Avec les media, une diversion aussi grossière, un tour de bonneteau aussi primitif, indigne des plus humbles foires de village des époques sans media, réussit par une convergence à haut bruit de la manipulation politicienne, de la désinformation médiatique, de la désinstruction publique, ou de la maléducation nationale si l’on préfère. Dans la même ligne d’escroquerie intellectuelle, on fait donner les droits de l’homme, l’égalité, l’universel. Au nom de l’universel, on invoque, contre la particularité française, les droits de l’homme en général. Les droits de l’homme exigent, entendons-nous, que la France avale sans filtrer. Il semble que la France soit un contenant universel où l’on puisse encore et toujours verser de l’homme… en toute sécurité… sociale. En même temps il est fait de grands efforts d’organisation. Les trotskistes en disponibilité d’idéal marxiste, mais étant devenus en plusieurs générations les meilleurs techniciens de l’agitation, s’emploient à faire lever la pâte immigrée et la pâte étudiante, tandis que les politiciens croyant à ce concert entendre les trompettes de la renommée, rallient en cavalcade le cortège. L’opération racisme-antiracisme débouche sur une très remarquable performance du terrorisme intellectuel qui, à travers des gouvernements censément de couleurs différentes, et en dépit des malheurs doctrinaux du marxisme-léninisme, n’a fait que croître et embellir. L’idéologie mécanisée et détaillée par les media n’a plus besoin d’idéologues. En fait, l’opération racisme-antiracisme a pour objet de briser la résistance française à une invasion allogène par la seule action psychologique. Les opérateurs songent même, si l’on en croit le rapport Hannoun, à déchaîner, en partant des mots anathèmes, des foudres judiciaires et policières. Ils semblent souhaiter que mal penser soit passible de sanctions. Ils n’ont, semble-t-il, jamais entendu dire que, selon un augure de la première moitié de ce siècle, « la liberté d’errer est la contingence du Bien ». A noter que cette tendance totalitaire s’exprime naïvement au sein d’un de ces partis que les gens qui se disent « de gauche » appellent « de droite ».

 




Le multiculturel et le multiracial
    


   Il convenait ici – nous n’avons pas le temps de faire plus – que nous nous élevions contre deux impostures, liées entre elles et que les tonnerres médiatiques du terrorisme intellectuel tentent d’imposer à la France et aux Français. La première était l’antiracisme. Nous en venons à la seconde : la réduction de la France en France des communautés, en société multiculturelle.

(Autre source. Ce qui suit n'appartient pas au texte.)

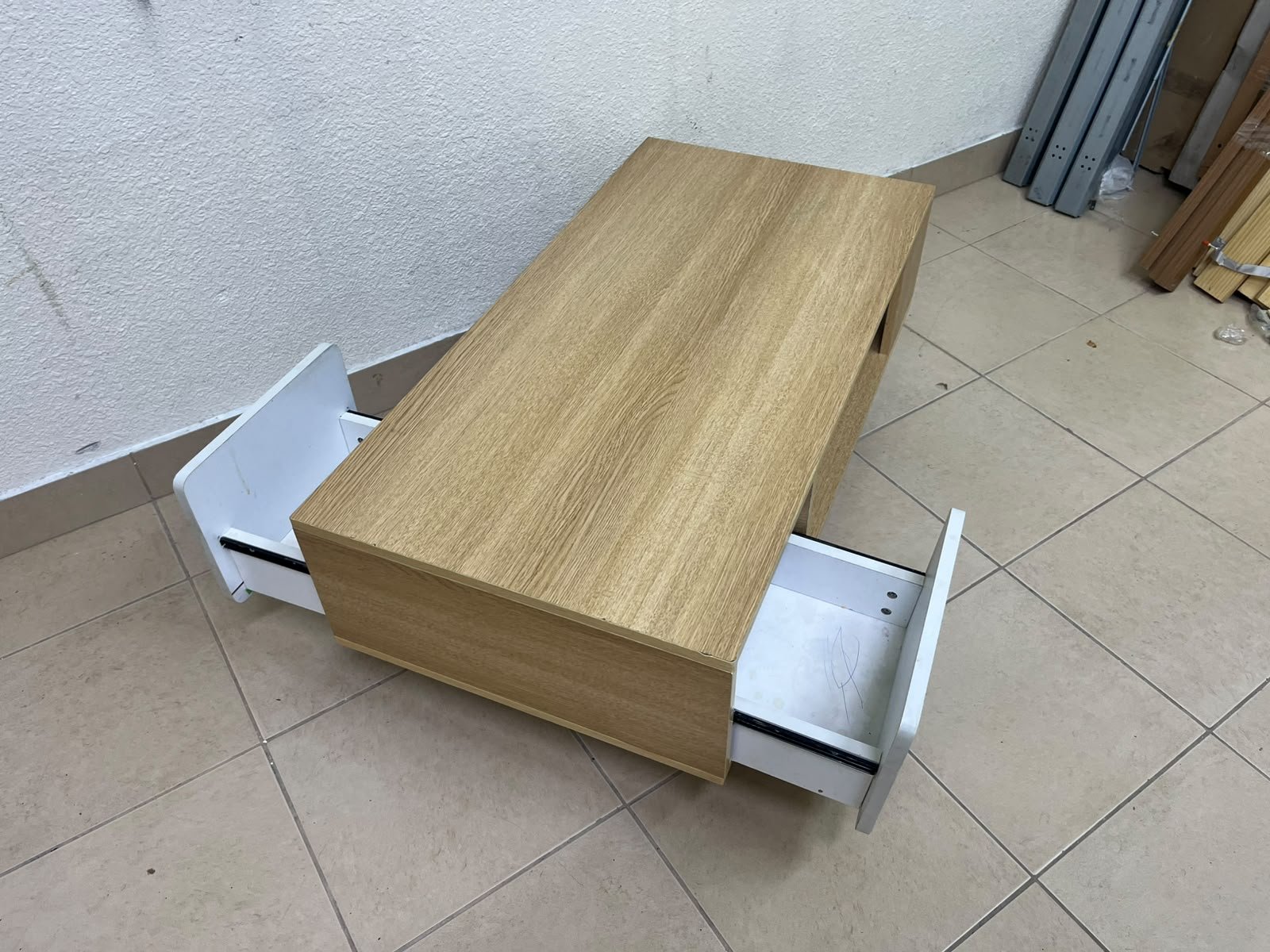 The Adonia coffee table by Danube Home is crafted from oak wood and features a rectangular top with a wood finish, accented by a distinctive white cabinet door. - Image 9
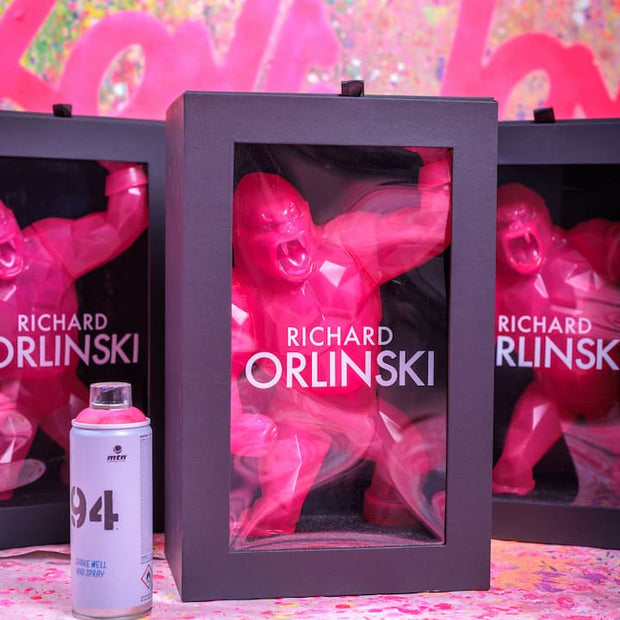 Richard Orlinski art pieces with a spray can on a colorful background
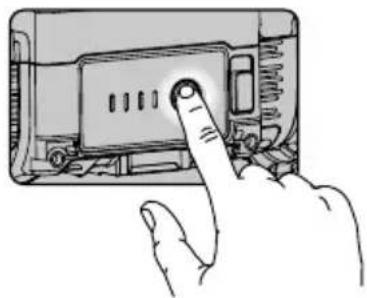 Hand inserting a button into a device casing (no text or symbols visible).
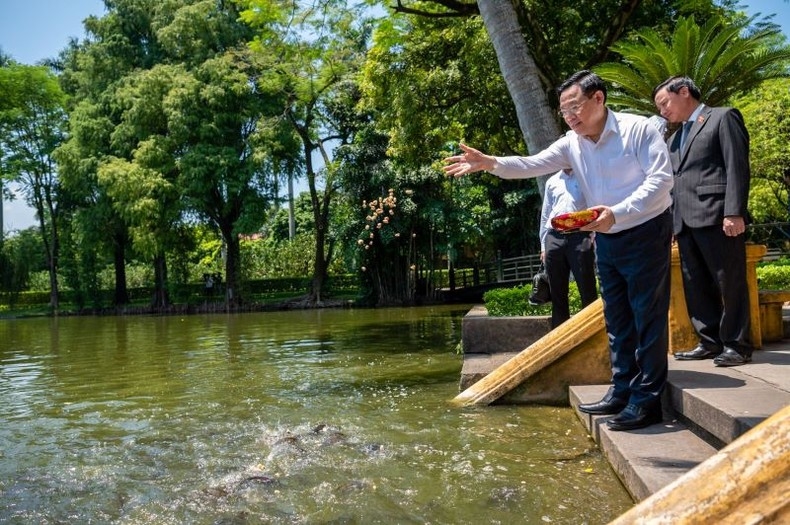 Chủ tịch Quốc hội Vương Đình Huệ cho cá ăn trong ao cá Bác Hồ.
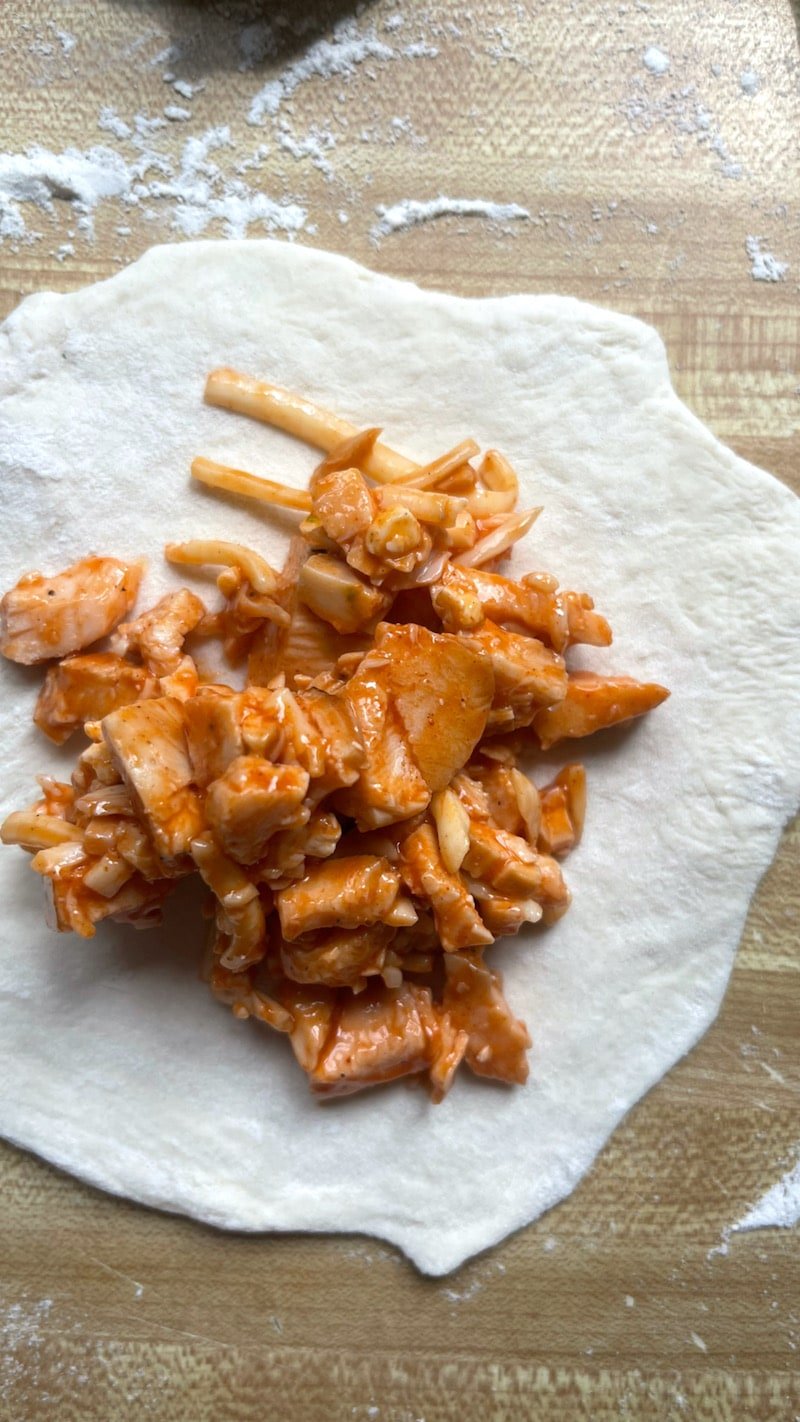 this is a photo of buffalo chicken bomb filling inside skinny pizza dough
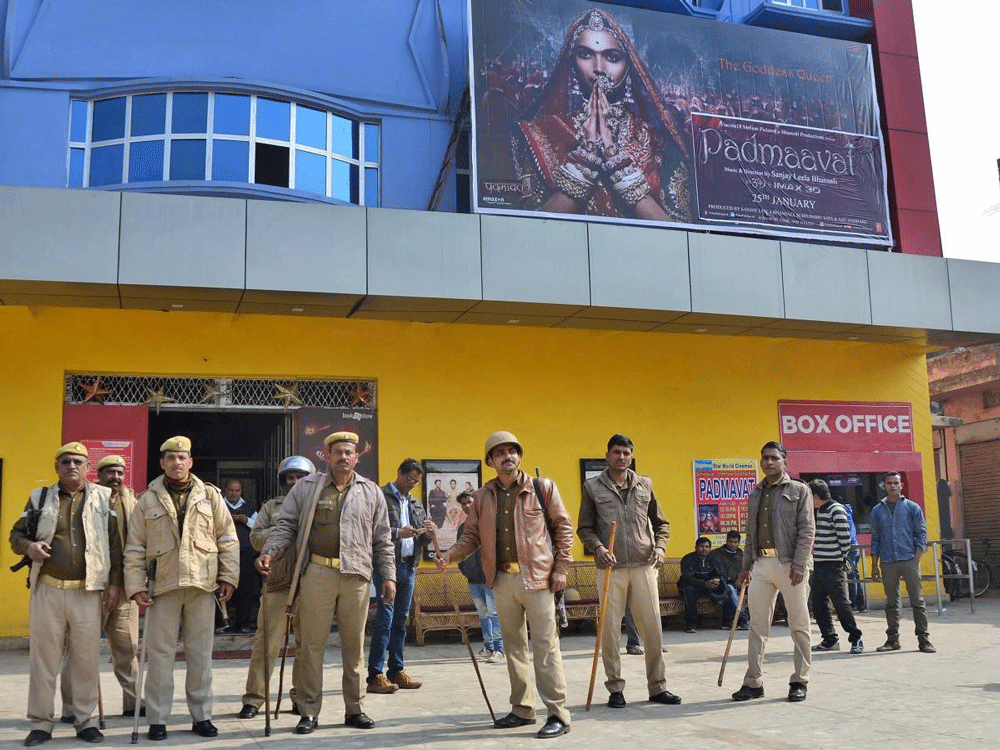 Heavy police force deployed at Novelty Theatre in Lucknow where film Padmaavat was released on Thursday. PTI Photo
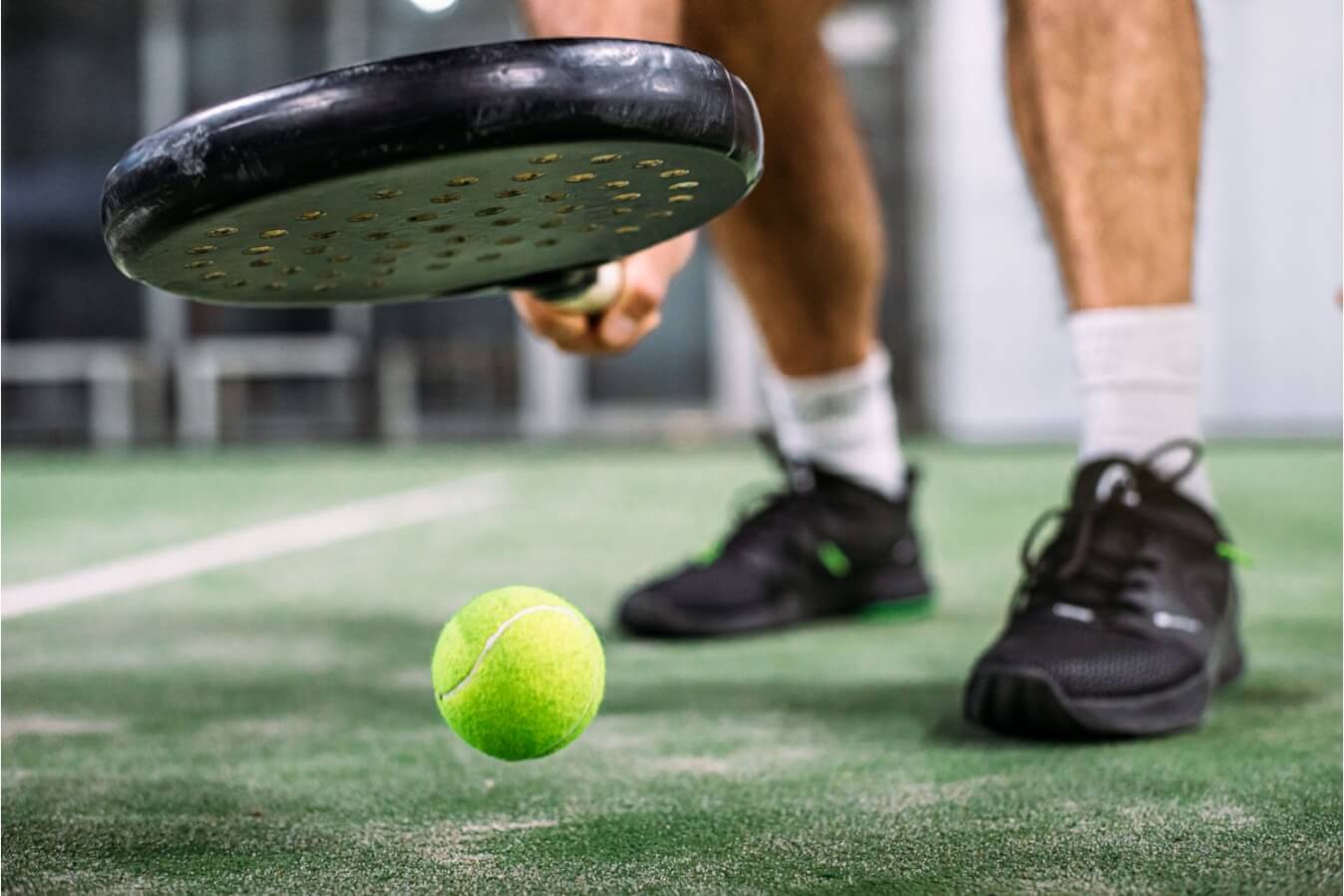 chaussures de Padel noires, raquette et balle jaune sur le terrain en gazon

   Multiculturel, ce terme tristement d’époque est mal pensé, et, quant à l’usage de la langue, à peine français. Il signifie que les cultures peuvent se cumuler, ce qu’ils veulent prouver par l’exemple de la France qu’ils sont en train de nous préparer.

  Les plus déterminés et les plus confus à la fois parlent d'une France multiraciale et multiculturelle.
 
  En fait le qualificatif de multiracial  
[1]  est applicable à la France si l'on donne dans ce genre de terminologie. Mais l’histoire nous montre qu’il y a toujours un groupe dominant, ce qu’il a été d’usage de nommer jusqu’ici les Français, sans plus. Dominant culturellement, puisque nous ne traitons que de culture. Multiracial, oui, multiculturel, non.
   
 Revenons à multiracial. En fait, c’est le groupe dominant, les Français qui, dans le temps, par un grand nombre de lignées, est devenu en quelque sorte le sujet dont toute la culture est l’attribut. Des individus et des petits groupes d’origine différente peuvent s’agréger à cette culture. C’est une question de quantité et de mesure. Mais nous devons éclairer ce qui se cache derrière le terme plus qu’équivoque de multiculturel.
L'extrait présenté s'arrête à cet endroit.